• **How to complete this task**
Transcribe word for word the lines below from the line with "Atsūkšanas pārsegs ar" through the line with "Apache Village Cabinette", ends included.

• **Source information**
********
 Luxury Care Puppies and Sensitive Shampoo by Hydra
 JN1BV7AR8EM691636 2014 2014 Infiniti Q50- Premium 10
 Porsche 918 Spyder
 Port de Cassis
********
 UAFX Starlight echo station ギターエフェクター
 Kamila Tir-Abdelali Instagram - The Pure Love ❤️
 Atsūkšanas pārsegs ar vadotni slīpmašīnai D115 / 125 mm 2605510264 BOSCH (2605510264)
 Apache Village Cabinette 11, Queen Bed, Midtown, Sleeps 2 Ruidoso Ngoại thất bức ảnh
********
• **Your response**
 Atsūkšanas pārsegs ar vadotni slīpmašīnai D115 / 125 mm 2605510264 BOSCH (2605510264)
 Apache Village Cabinette 11, Queen Bed, Midtown, Sleeps 2 Ruidoso Ngoại thất bức ảnh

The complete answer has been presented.